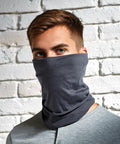 Person wearing a grey Premier PR798 mask covering the lower half of their face, standing against a white brick wall.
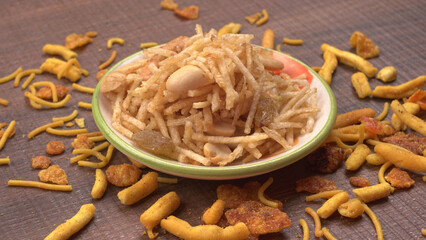 Indian Snacks, Traditional Indian deep fried salty dish called chivda or mixture or farsan made of gram flour and mixed with dry fruits and roasted nuts with salt, pepper, pulses, spice and green peas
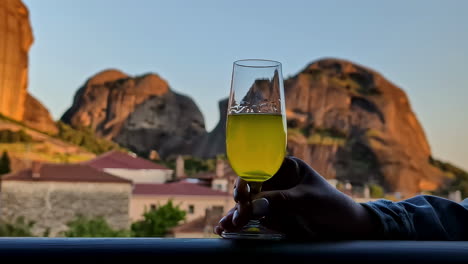 glass of drink with scenic mountain blurred background and clear sky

Work request
All of the lines above should be printed exactly, minus the pictures.

Response to the exercise
 Person wearing a grey Premier PR798 mask covering the lower half of their face, standing against a white brick wall.
 Indian Snacks, Traditional Indian deep fried salty dish called chivda or mixture or farsan made of gram flour and mixed with dry fruits and roasted nuts with salt, pepper, pulses, spice and green peas
 glass of drink with scenic mountain blurred background and clear sky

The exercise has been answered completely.